Mark also pronounced himself a fan of Hyperledger’s security for queries, noting “you can limit the info that people get back from their queries.”
He’s less of a fan of the practice he’s seen of dumping blockchain data into a relational database, which he believes destroys the purpose of blockchain. “(By dumping data into a RDBMS) we now have two copies.”
“Maintaining a single version of the truth is a challenge with blockchain.”
—Mark Simpson, the Royal Bank of Scotland
Lessons learned
Mark listed a number of lessons learned during the digital wallet exercise:
- Writing and calling contracts is straightforward.
- Asynchronicity is a challenge (he noted, “waiting for blocks to sort themselves out is a challenge if you want to create responsive systems.”)
- Maintaining a single version of the truth is a battle (as noted above).
- Tooling is a work in progress.
- DevOps is “interesting” in an environment in which you are collaborating across companies.
On this last point, Mark noted that “collaborating with one another involves different (foreign) languages and cultures, different programming languages, and different blockchain technologies being tested.”
Security holes cause problems and bad press
Other big issues that cropped up included:
- Data at rest is always a target for malicious hacking. He said that things such as zero-knowledge proof and “Lattice encryption” that can’t even be hacked by quantum computers are coming. However, he doesn’t believe a big bank will ever be on a public blockchain network “even if it’s safe.”
- Scalability is always a concern when it comes to large numbers of transactions, large numbers of complex transactions, and working across organizations and enterprise IT infrastructures.
- Bad press and the need to build understanding. Things like the recent DAO theft from Ethereum are “just acts of bad diligence,” he said. In this latter case, the continued existence of Ethereum itself has been debated.
- Testing and safety. For example, “smart contracts in a public domain need to be tested like aeronautical things, to a higher safety level,” he said. He noted the idea of sandboxing languages as part of such an approach. He also mentioned the Directive on Payment Services (PSD) from the European Commission as a regulatory approach to the problem.
- Managing change. “How do you change a contract with 42 participants?” he asked, referring to the large number of institutions who are starting to work together on how to incorporate blockchain.
- Legal contracts. “Will contract code be used as a legal language?” he asked. “Some (already) say code is contract,” he noted, adding that code contracts may actually be easier to understand than much of the language in traditional contracts.
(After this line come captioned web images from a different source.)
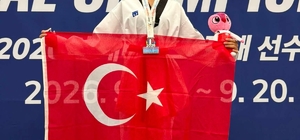 Milli tekvandocu Serpil Melek Tüfekçi'den Güney Kore'de bronz madalya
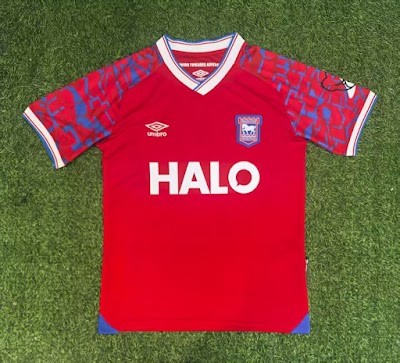 25-26 Ipswich Town Visitante.jpg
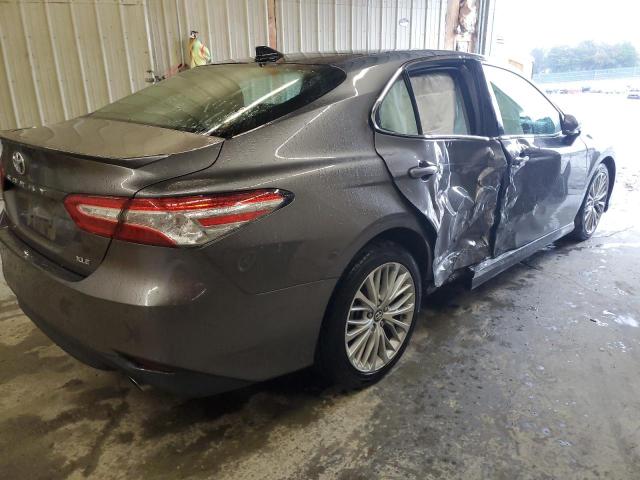 Photo 2 VIN: 4T1BZ1HK9JU001230 - TOYOTA CAMRY XSE 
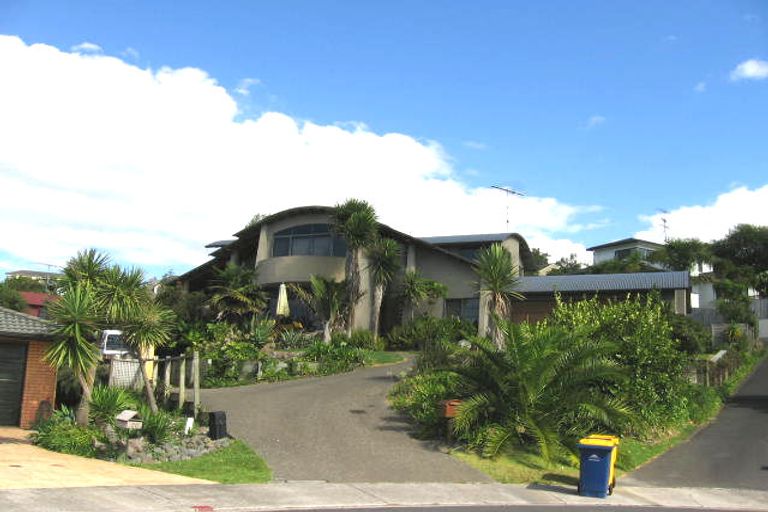 Photo of property in 22 Jacanas Place, Unsworth Heights, Auckland, 0632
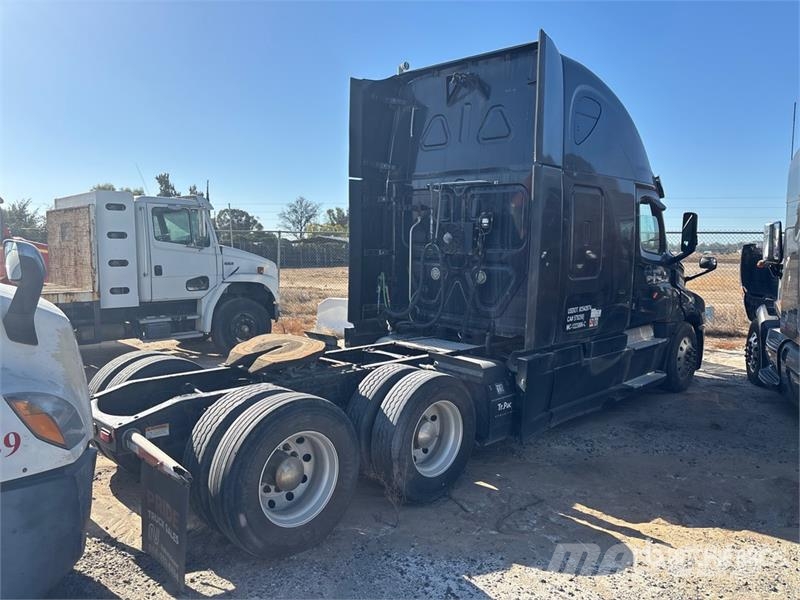 Freightliner Cascadia 126 6x4 T/A Sleeper Truck Tractor Sattelzugmaschinen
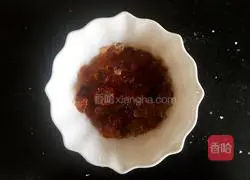 Illustration of how to make bird's nest, peach gum, white fungus and sugar water 2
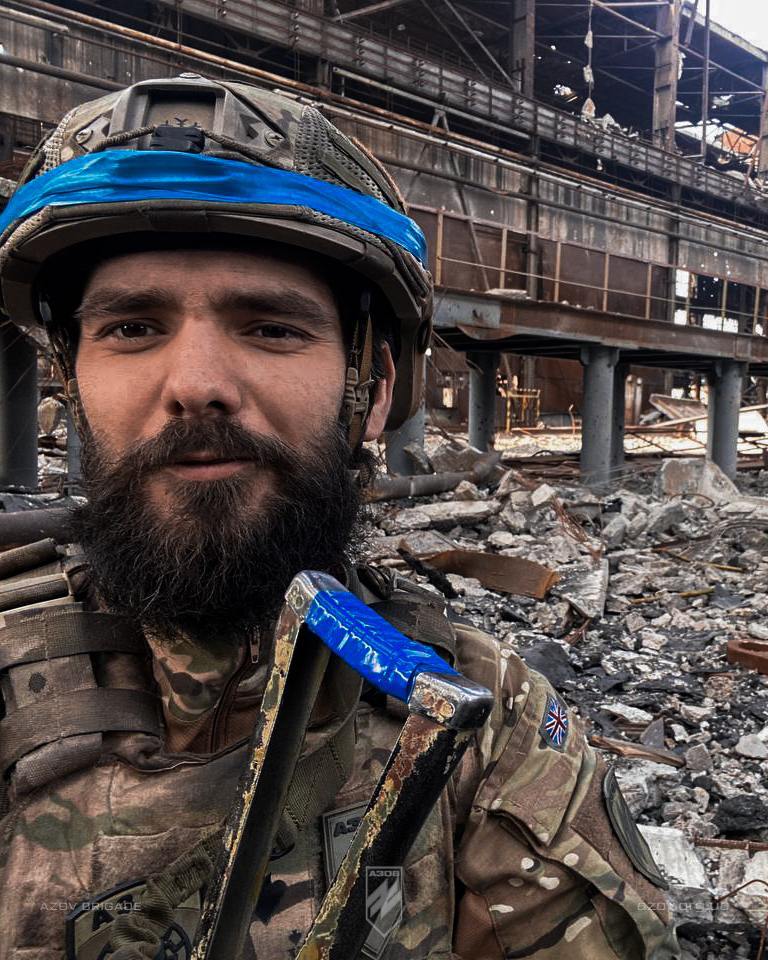 Після 10 років служби в "Азові". Богдан "Тавр" Кротевич завершує службу в ЗСУ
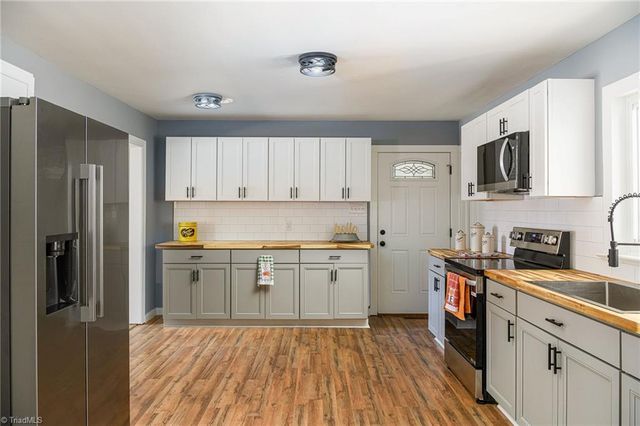 915 Fairview Drive, Lexington, NC 27292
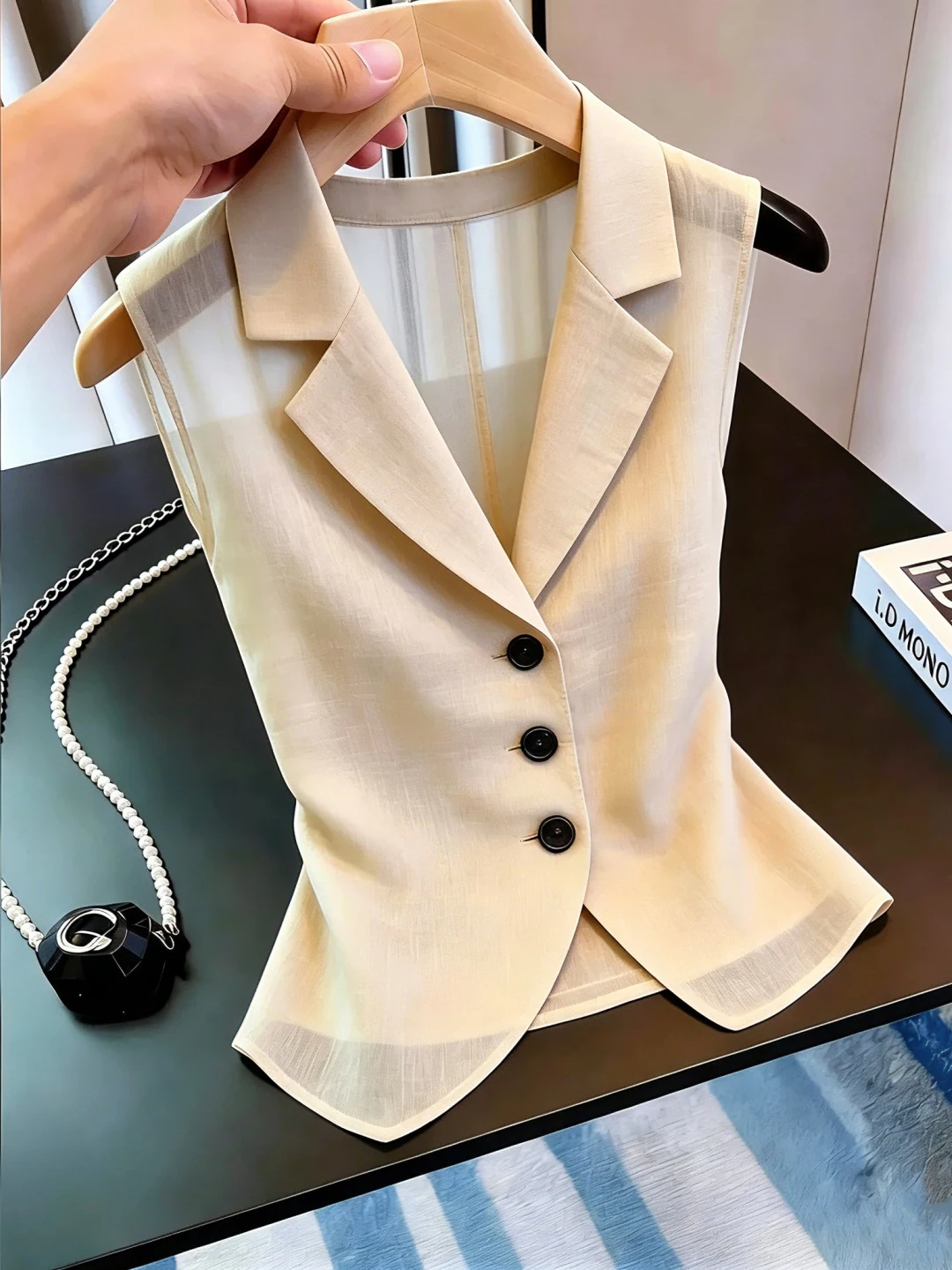

Summer 2026 Women's Pure Color Single Button Sleeveless Shirt Korean Style Commute Workwear Design Casual Straight Cut Top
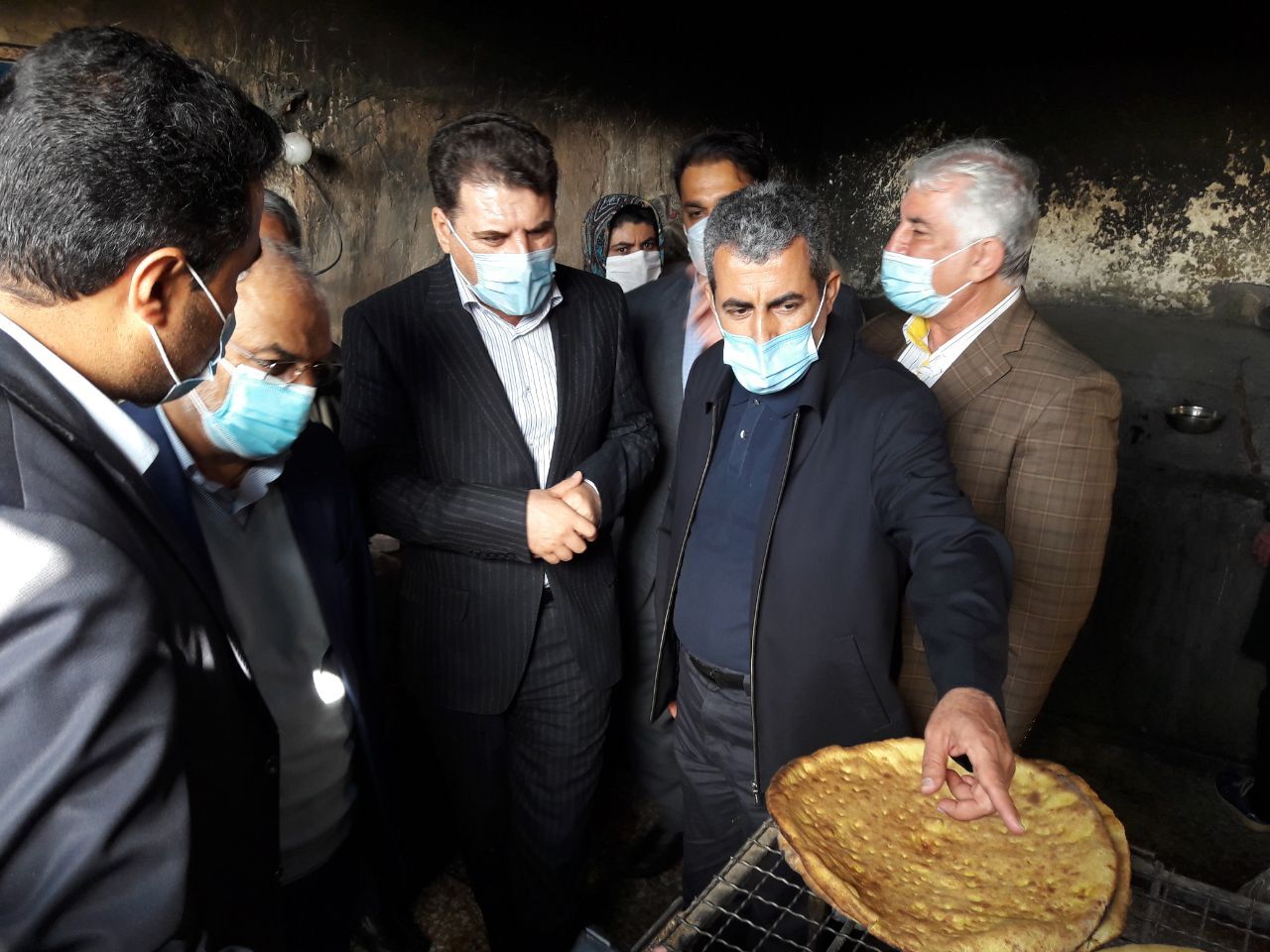 بازدید استاندار از واحد تولیدی نان 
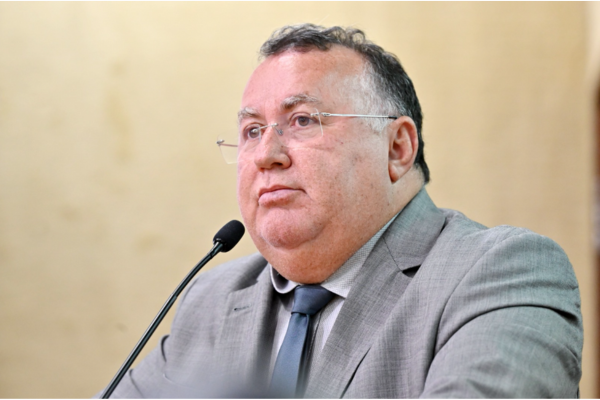 Dr. Bernardo sugere Fátima Bezerra antecipar renúncia: “Seria um gesto”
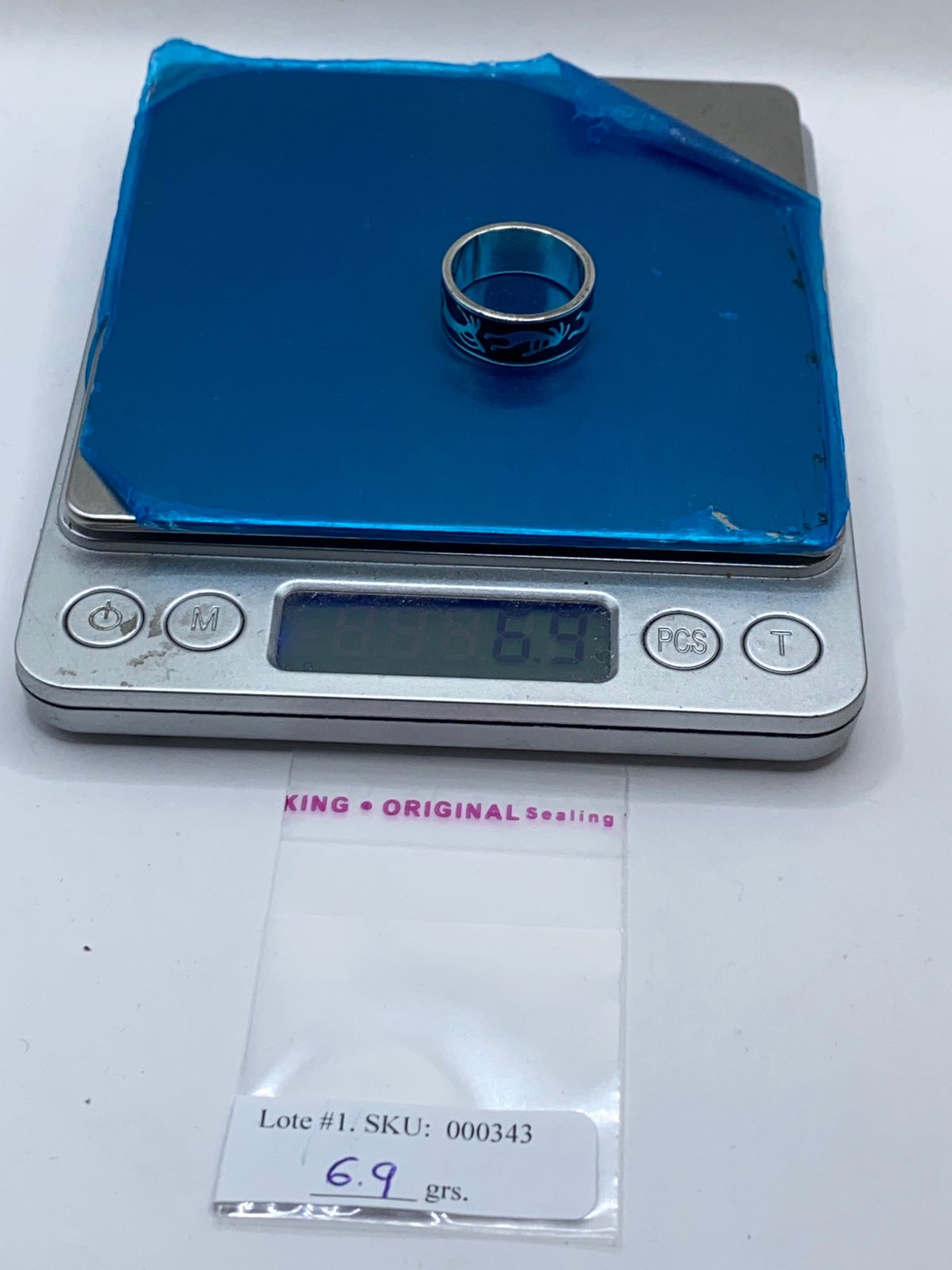 Anillo Artesanal de Plata .925 con Ónix Negro – Diseño Tribal Contemporáneo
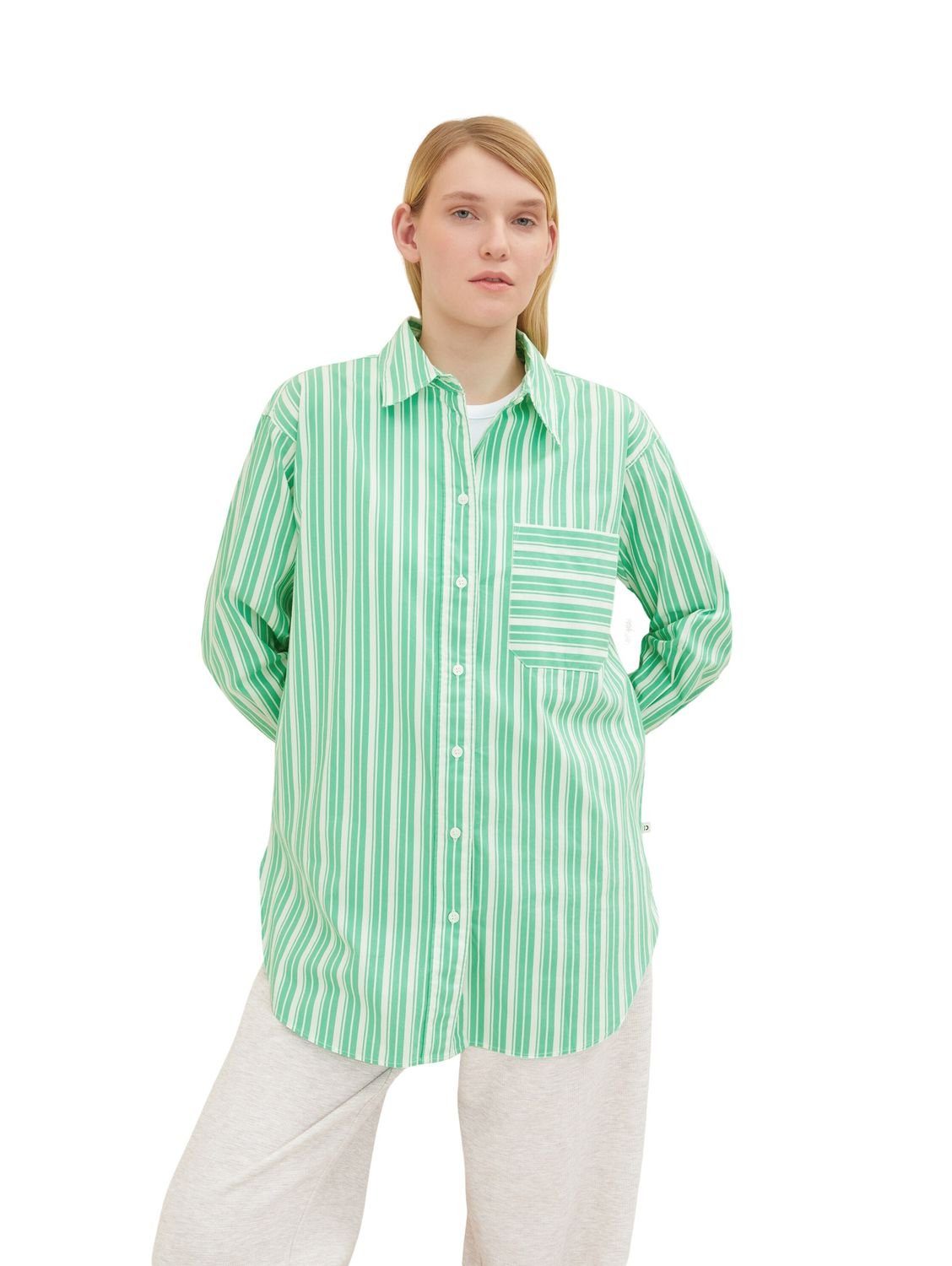 TOM TAILOR Denim Blusenshirt CHEST POCKET (1-tlg) aus Baumwollmix Vertical Green White Stripe 31188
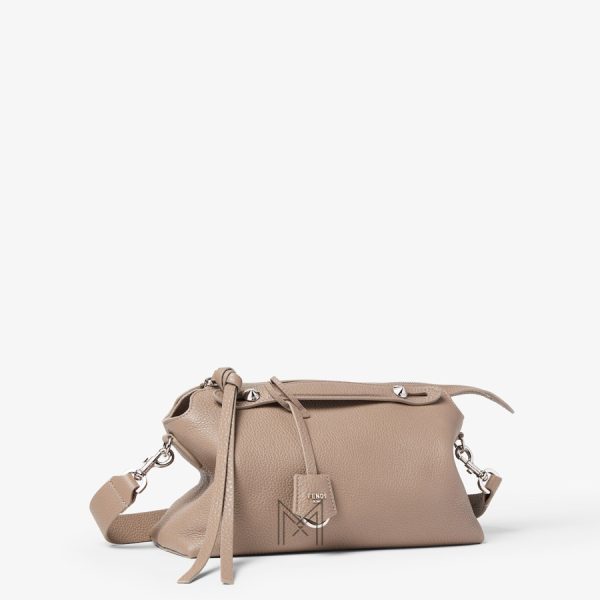 Túi xách da Fendi By The Way Soft Medium màu be MHH040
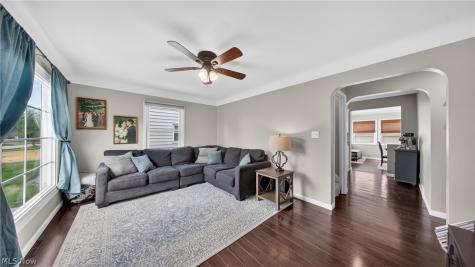 16168 Brinbourne Avenue Middleburg Heights OH 44130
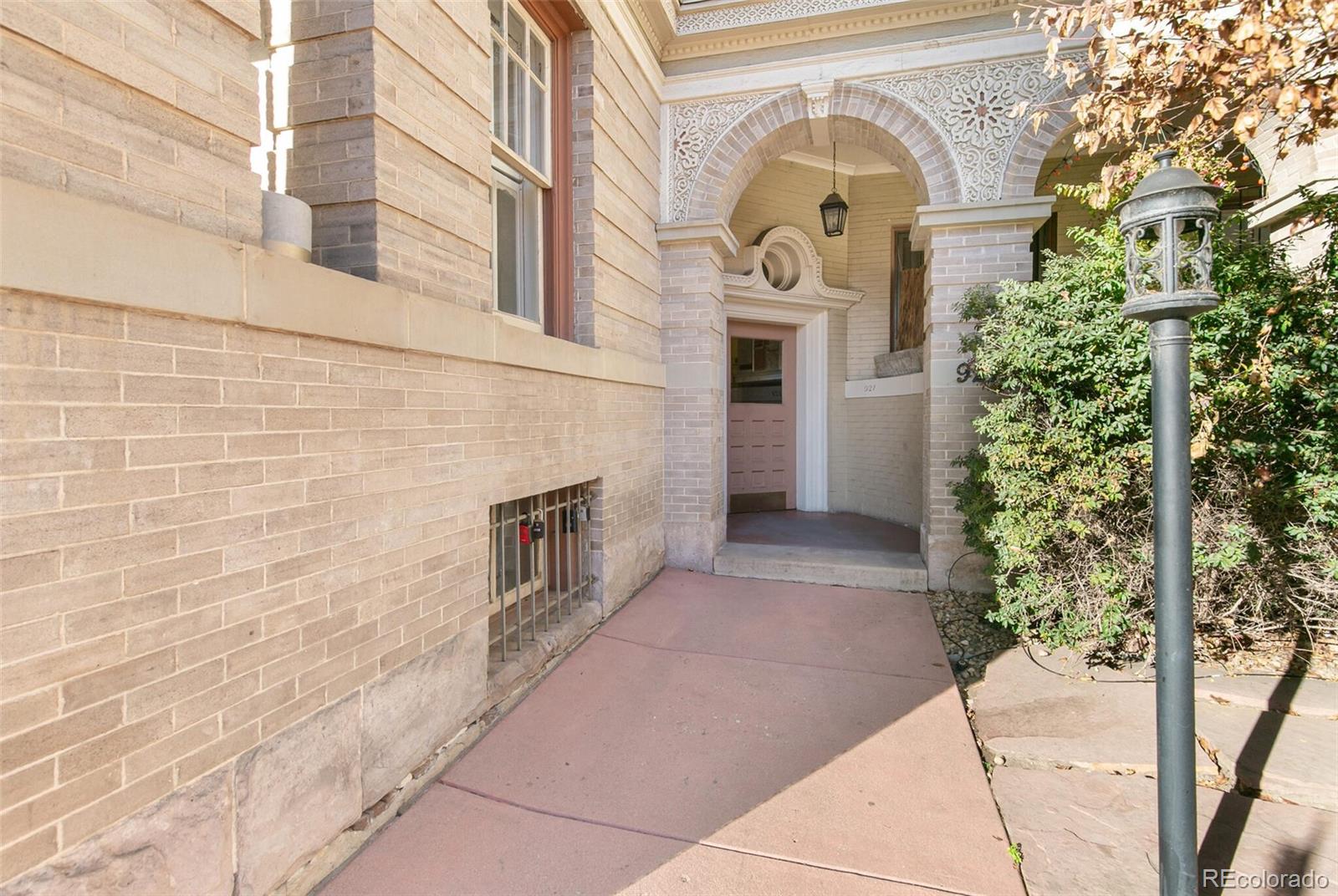 921 E 13th Avenue 3B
- Big players. “Why don’t Google, Facebook, and Amazon appear to be interested in blockchain?” he asked. One school of thought is that it could be a big threat to their existence if blockchain can create a new era in which people secure their identity rather than expose it to the big social and online retail players.
This last question seems the most relevant. Is the answer because the big players don’t see blockchain’s value beyond esoteric uses in cryptocurrencies or because they fear it more than anything else?